Let me say that I unequivocally support the existence of paralegals. I believe they provide a valuable service in promoting and increasing access to justice in Ontario.
Should they be afforded equal status with lawyers? Of course not! When I was a bencher, I was confronted by an aggressive paralegal who said that, as a member of the law society, she should be permitted to do anything done by a lawyer. I responded that I agreed … all she had to do was to get an undergraduate degree, spend three years at law school, complete articles and get called to the bar! I strongly support restrictions on the scope of practice of paralegals.

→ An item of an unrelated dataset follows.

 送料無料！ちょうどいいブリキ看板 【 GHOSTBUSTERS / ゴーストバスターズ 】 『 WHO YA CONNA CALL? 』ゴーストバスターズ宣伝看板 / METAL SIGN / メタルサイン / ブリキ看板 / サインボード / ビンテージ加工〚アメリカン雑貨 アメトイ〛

Having provided this background, I now go back to where I began. I believe that lawyers should accept that paralegals are our partners in the delivery of legal services to Ontarians. Lawyers should assist paralegals to be positioned to provide the best possible legal services to their clients, as this promotes access to justice. In keeping with this, I support allowing paralegals having access to our county and district resource centres (law libraries) on conditions. Currently, approximately $188 of lawyer law society annual fees go directly to support the resource centres. No part of paralegal law society annual fees go to the support of these centres. If paralegals are to have access, which will assist them to provide the best possible services to clients, they should share in the cost of maintaining the centres and pay their fair share. I do not know upon what terms it is permitted, but some, not many, law associations currently do permit paralegal access. The County of Carleton Law Association is a leader in this field and a paralegal trustee was recently elected to its board of directors.
Resource centres enhance an individual’s ability to provide quality legal services. In my view, anything that allows the delivery of the best possible services to the public is something I support. As lawyers we recognize the value of resource materials and, in the case of our local situation, the invaluable service our library staff can provide on short notice. Why should not every person who has the benefit of legal representation have the best possible access to such resources?

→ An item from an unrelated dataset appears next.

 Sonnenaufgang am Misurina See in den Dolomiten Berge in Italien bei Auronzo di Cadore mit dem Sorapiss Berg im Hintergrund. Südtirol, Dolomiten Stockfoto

To me, the question is simple. Should paralegals have access to our resource centre? If the answer is “yes,” then the second question is “on what terms?”

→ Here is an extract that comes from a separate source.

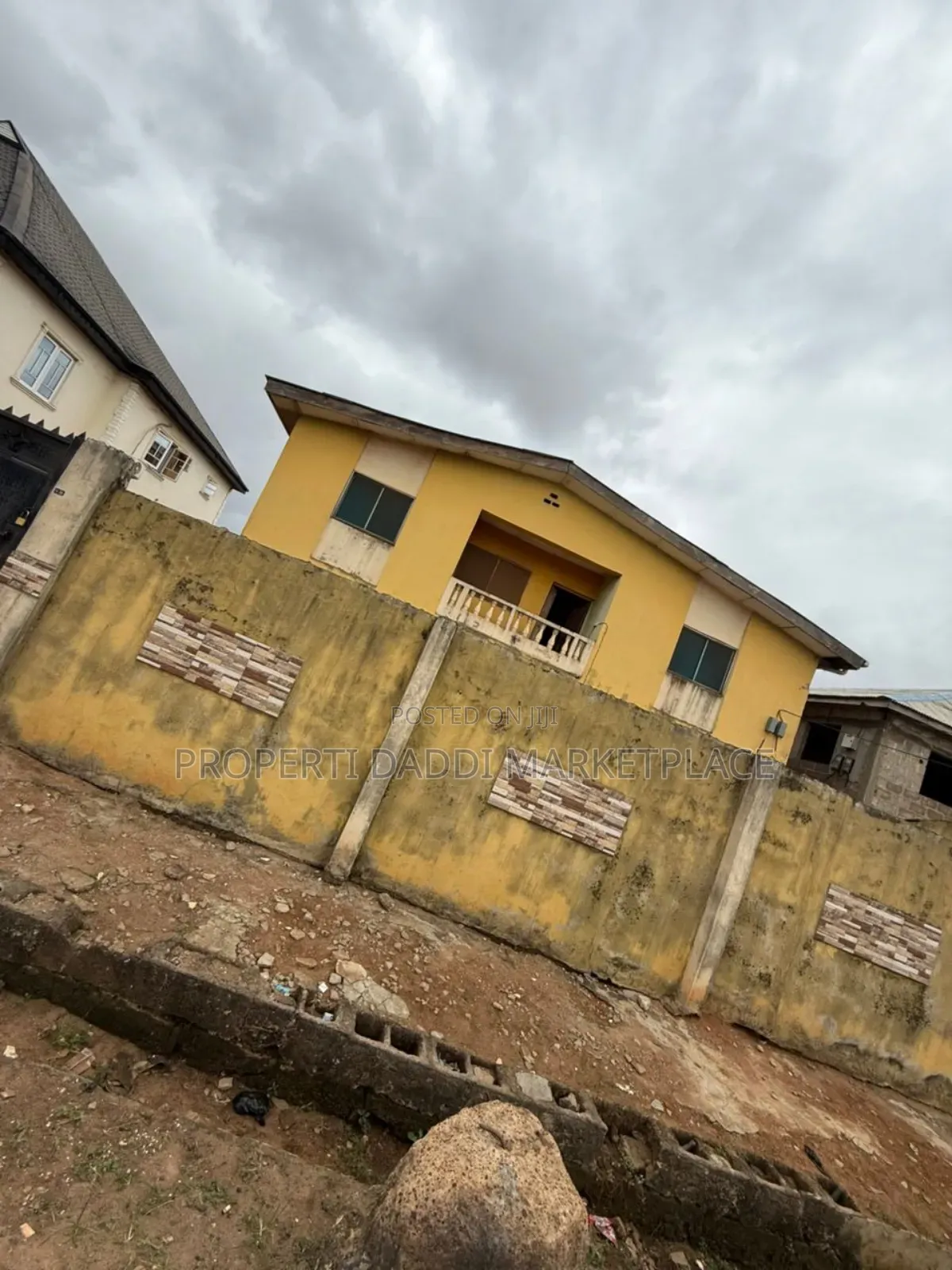 8bdrm Block of Flats in Ayobo for sale in Ayobo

The public interest and fairness should be the fundamental considerations. What can we do to ensure that individuals have the best representation possible? Valuable resources already available at an effective cost should be shared, with equal contribution to the cost.
The more difficult question that could arise is whether self-represented individuals should be given access to the resource centres. Should they not have the opportunity to best inform themselves before appearing before a tribunal or court? That discussion I will leave to another day.
Michael M. Lerner is partner at Lerners LLP in our London office. A former LSO bencher and vice-chair of the Ontario Human Rights Tribunal, Michael handles matters related to commercial litigation and employment law as mediator and counsel.